After Matthew and I had discussed our ideas further, I called Christine to thank her for taking us around the exhibits and explaining our options in more detail. We had decided the performance would be best suited for the World War Two Hall, as it had more space and a better floor plan. Instead of making it a private performance, we asked if it would be possible to perform during the day and making it a special, live exhibition for all the visitors to the museum. Potentially drawing in a larger crowd, as we still hoped to create a lot of publicity for the forthcoming event, including informing several arts reviewers from local newspapers and the Mayor of Yeovil. She said it would first have to be discussed with the museum as a whole, but if approved it could mean a reduction in the cost of hiring the place, as we would not be closing off any parts of the exhibition or having a private function in the evening.

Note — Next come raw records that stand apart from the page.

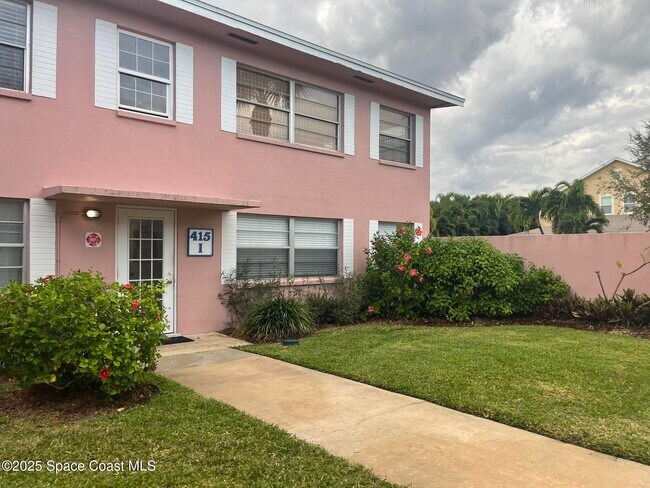 415 Madison Ave in Cape Canaveral, FL - Building Photo - Building Photo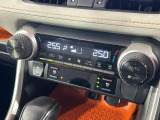 【シートヒーター&ベンチレーション】夏場は涼しい風でお尻や背中の熱やムレを防ぎ、冬はエアコンよりも早く温まってポカポカに!季節を問わず快適に過ごせます。
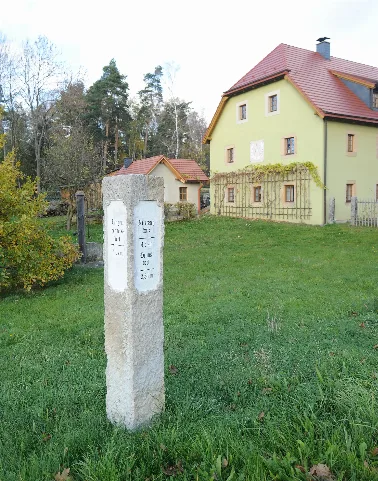 Bad Gottleuba-Berggießhübel, OT Langenhennersdorf: Historische Wegesäule in der Gemarkung Forsthaus (früher Kirchberg) am Rande der Breiten Heide (Landkreis Sächsische Schweiz-Osterzgebirge, Freistaat Sachsen, Deutschland) bei R. Prokoph nicht inventarisiert. Säule 2020 vom Grundstückseigentümer im historischen Stil errichtet, vorher keine dort bekannt siehe: René Prokoph: Steinerne Wegweisersäulen im Landkreis Sächsische Schweiz. Stadtmuseum Pirna, Pirna 1997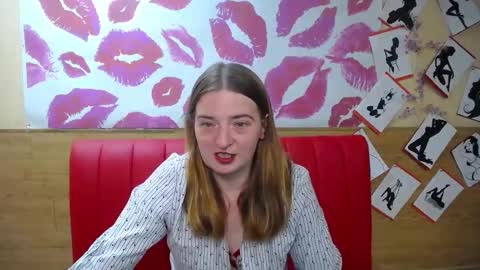 FreyaDak online show from 09-08-25, 05:34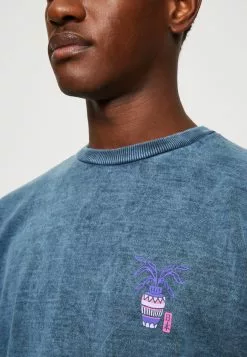 Kaotiko Crew Washed Make Life Epic Unisex - Sweater - Navy -Kaotiko Winkel 5c1429e8f04b477d9e489b4755bda268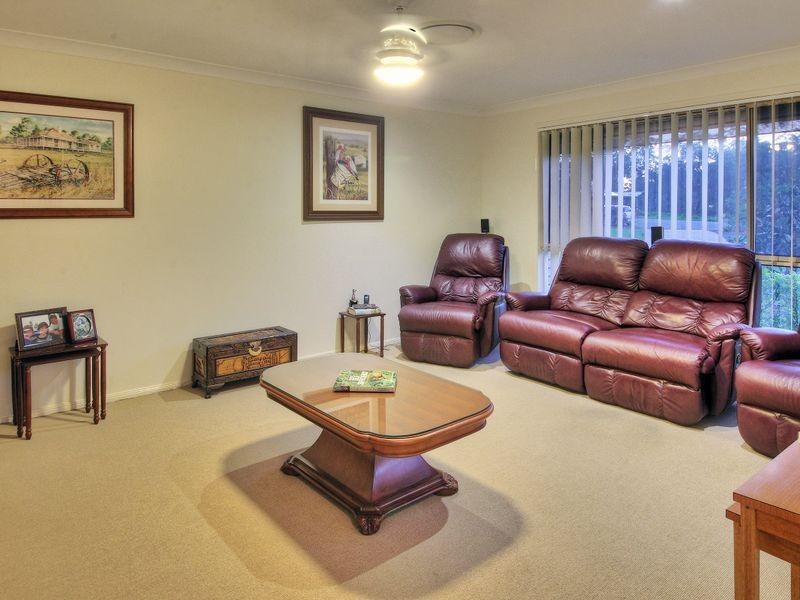 17 Lobelia Court, New Beith QLD 4124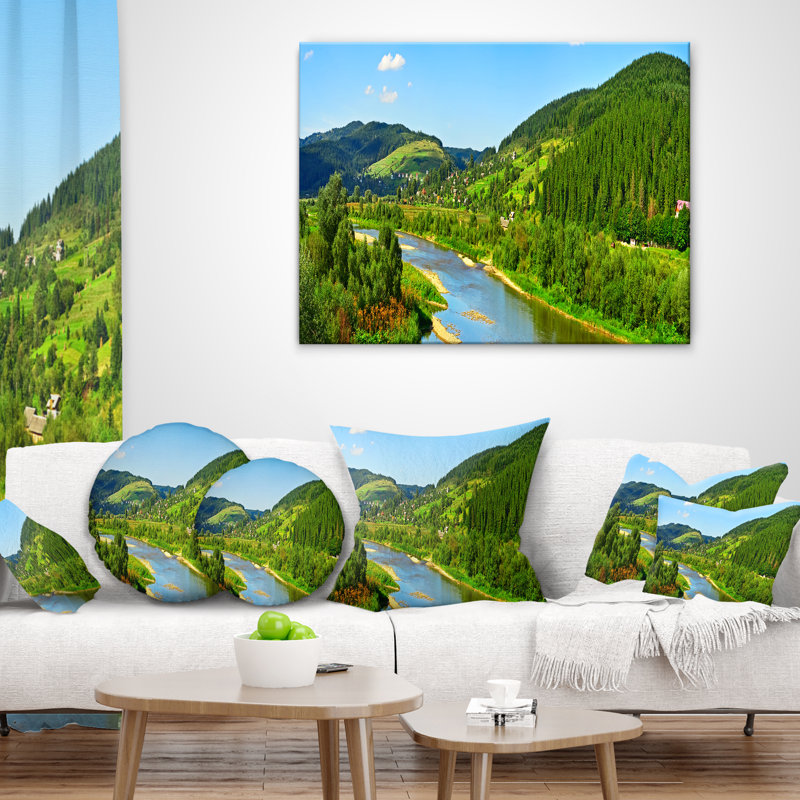 Coussins verts et rivière - paysage imprimé, 16 po x 1 po, Coussin décoratif
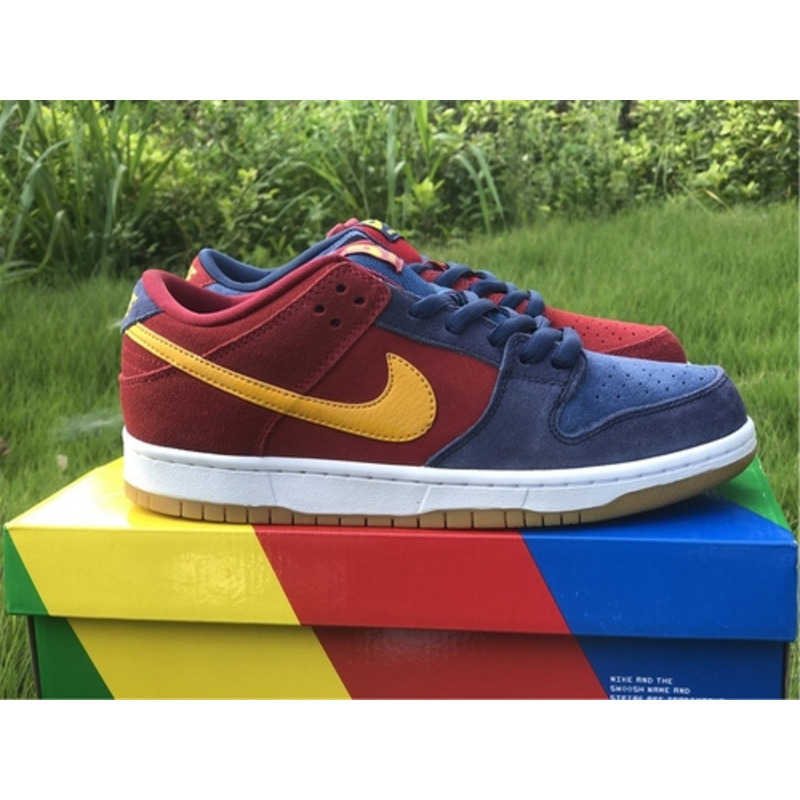 Nike SB Dunk Low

In order to create a tighter knit group, who were better informed as to what Matthew and I were planning, I created a Facebook group and updated my Twitter account to include more details about the developing performance. I decided to keep the Facebook group as a more personal group, where ideas could be discussed and to just keep it to the group members involved. Later, when we had rehearsal footage and photographs, and were inviting people to the performance, I had planned to create a more professional Facebook page and a separate Twitter account.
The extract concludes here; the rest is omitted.